Alas, xymon-rclient doesn't support logfile monitoring. This is because to do so requires executing the "logfetch" binary, which is supplied as part of the Xymon client package. When the target system doesn't have the Xymon client installed, there's no logfetch binary, and no way of processing logfiles.
This is on my list of things to do. But it's non-trivial, because such a binary has to keep state between executions.
I should probably put a note about this on the webpage.
Cheers Jeremy
Have you considered using rsync to bring logs to a local folder (IIRC, this already requires "passwordless" ssh). Then use that copy to run a local "logfetch" process.
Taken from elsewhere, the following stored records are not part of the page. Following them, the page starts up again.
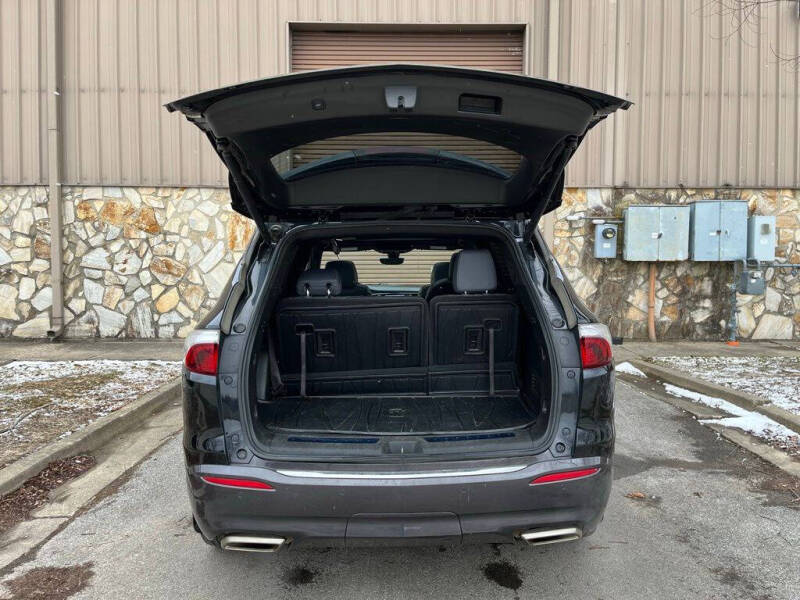 2022 Buick Enclave Premium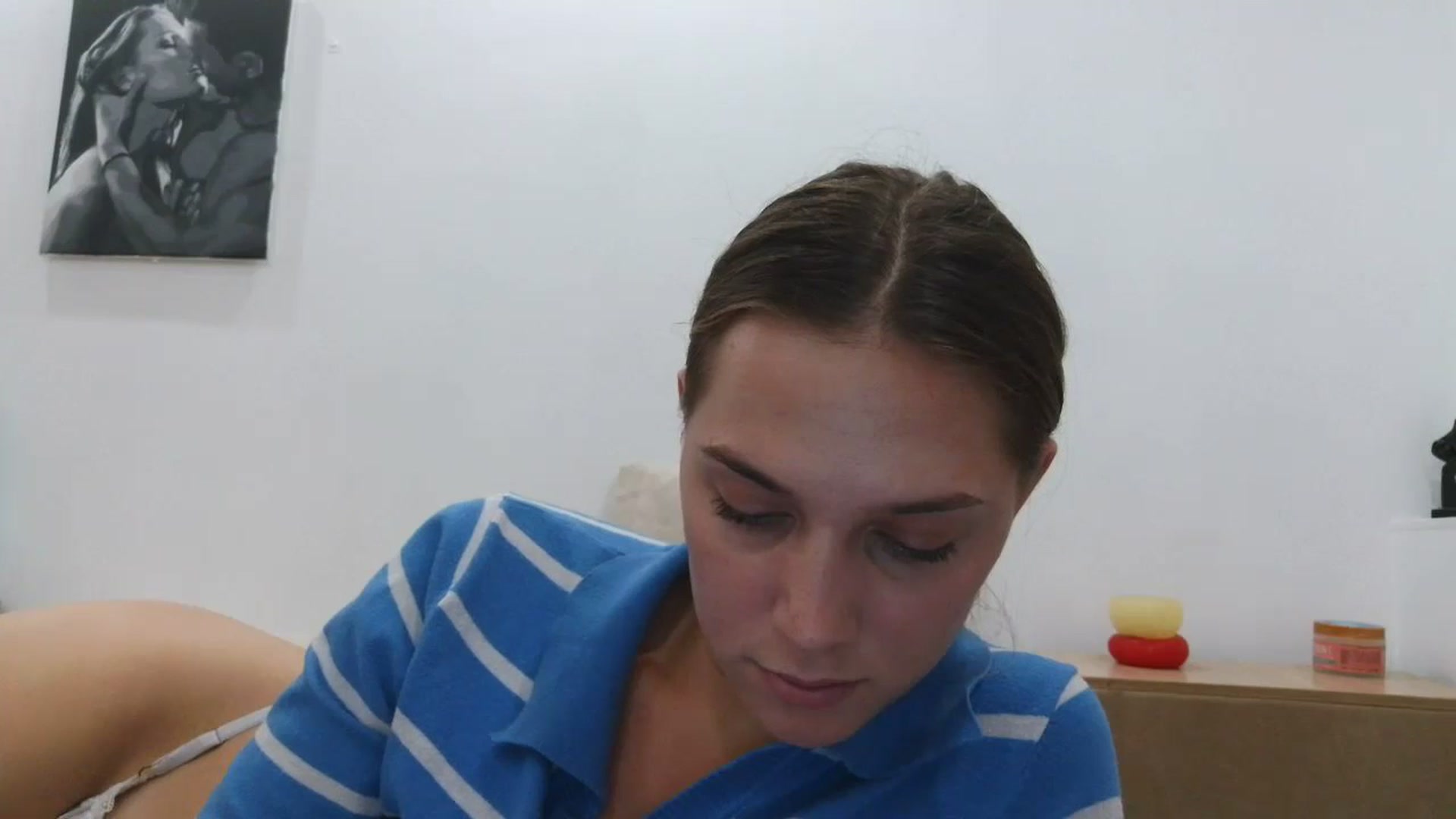 Gallery image thumbnail from HaleyReed's myfreecams stream on, 08/25/2025, 17:34 image 17 of 20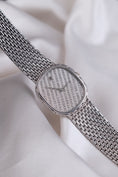 Bild in Galerie-Betrachter laden, Audemars Piguet Ellipse Zebra 319175 - Detailansicht 4
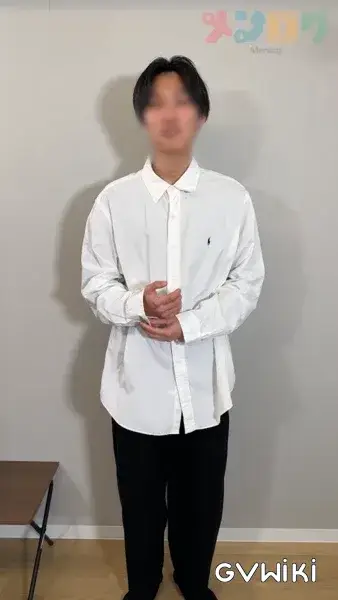 【178/57/18】金次第で男ともやれちゃうノンケがお小遣い稼ぎのたためにAV出演で初潮!-2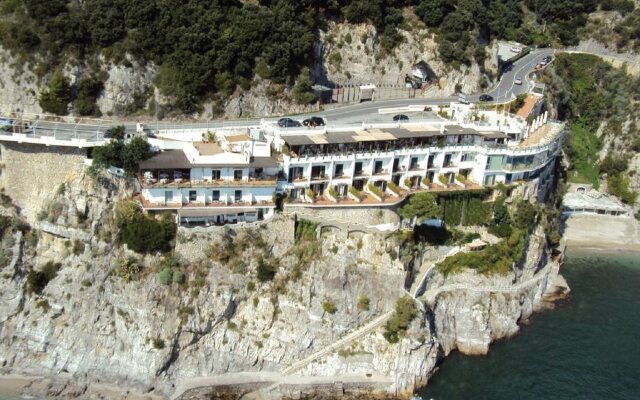 Hotel Cetus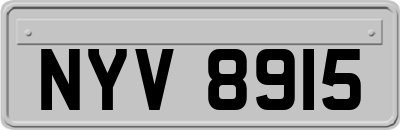 NYV8915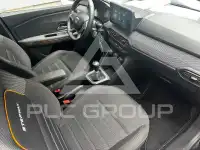2021 Dacia Sandero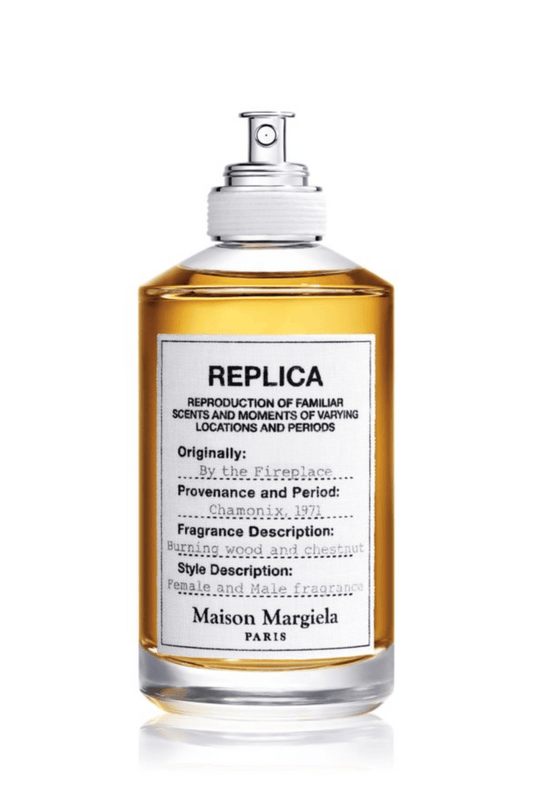 Replica | By The Fireplace Eau de Toilette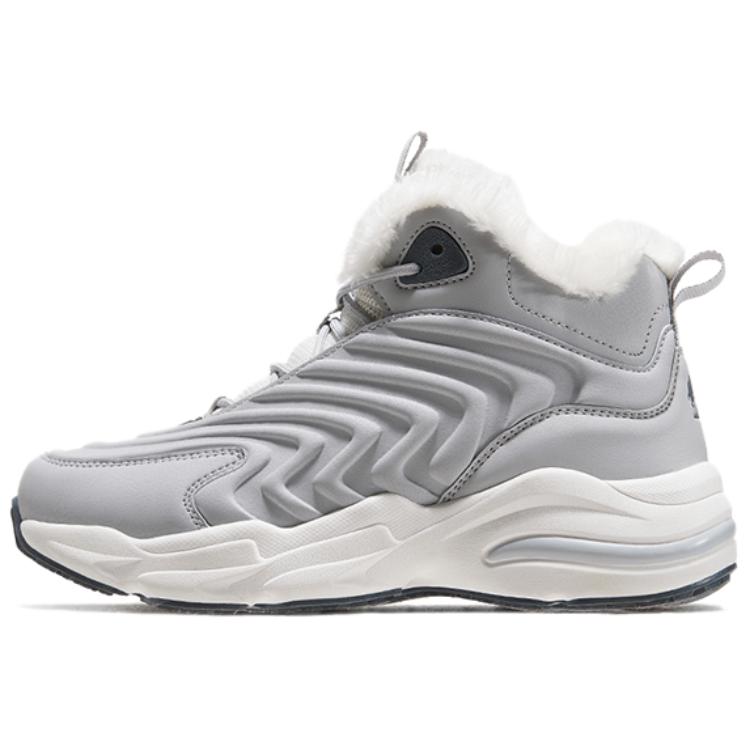 CAMEL Мужские повседневные кроссовки мид с амортизацией - бежево-серые, цвет Beige Gray
CAMEL Мужские повседневные кроссовки мид с амортизацией - бежево-серые, цвет Beige Gray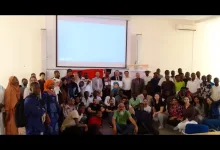 GIL24-TV جامعة محمد الأول : ENCG تنخرط في استراتيجية العمق الافريقي وتتفاعل مع الأسئلة الكبرى缩略图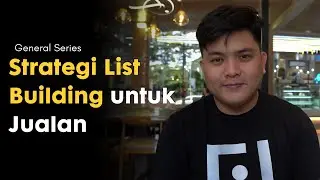 Strategi List Building untuk Jualan
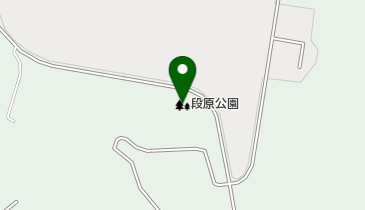 段原公園の地図画像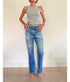 Vintage USA 517 Denim Jeans (e) - fits 28"x30"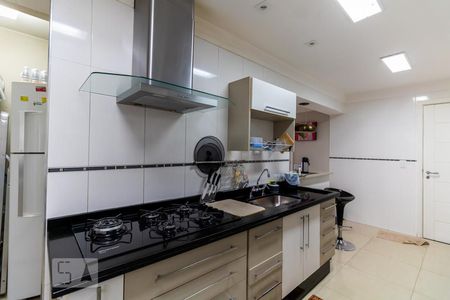 Apartamento à venda com 160m², 2 quartos e 2 vagasCozinha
That way, it gets to keep the state locally and since rsync should only do block copies, it will only bring over the changes so should be relatively quick. NB: I've not looked at xymon-rclient closely so this is said blindly.
=G=
From: Xymon <xymon-bounces at xymon.com> on behalf of Jeremy Laidman <jlaidman at rebel-it.com.au> Sent: Tuesday, September 9, 2014 5:03 PM To: Kris Springer Cc: xymon at xymon.com Subject: Re: [Xymon] xymon-rclient.sh
On 10 September 2014 03:26, Kris Springer <kspringer at innovateteam.com<mailto:kspringer at innovateteam.com>> wrote: I'm not getting any log files from FreeNAS using the rclient. The server website says "The client did not report any logfile data". Any ideas?
Alas, xymon-rclient doesn't support logfile monitoring. This is because to do so requires executing the "logfetch" binary, which is supplied as part of the Xymon client package. When the target system doesn't have the Xymon client installed, there's no logfetch binary, and no way of processing logfiles.
This is on my list of things to do. But it's non-trivial, because such a binary has to keep state between executions.
I should probably put a note about this on the webpage.
Cheers Jeremy
On 10 September 2014 08:15, Galen Johnson <Galen.Johnson at sas.com> wrote:
Have you considered using rsync to bring logs to a local folder (IIRC, this already requires "passwordless" ssh).
That's an interesting idea.
I'd prefer to not have to transfer to and store the logs on the Xymon server, as this can be a significant traffic burden if the logfiles rotate often. This is one of the reasons that client-side processing is attractive (to me). After all, I could simply use syslog to transfer the log messages in real-time.
Actually, I've been tinkering with a version that emulates some of the logfetch processing using shell scripting, but not all of them.
There are 2 main functions that need to be emulated. First, logfetch has to keep track of where it last looked at the logfile. This can be done with wc (to capture current log size) and tail or dd (to simulate "seek"). Second, it applies the ignore and trigger terms from the local-client.cfg file, which we can do with egrep.
But then it gets significantly more complicated. It has to handle checksum checks, "dir" directives, "linecount" (which is a multi-line configuration block), all of which require a bit of scripting gymnastics. When I realised that I would also need to handle backticks, I decided it was becoming almost an exercise in demonstrating how much a lowly shell script could accomplish, regardless of how sensible it was to do so.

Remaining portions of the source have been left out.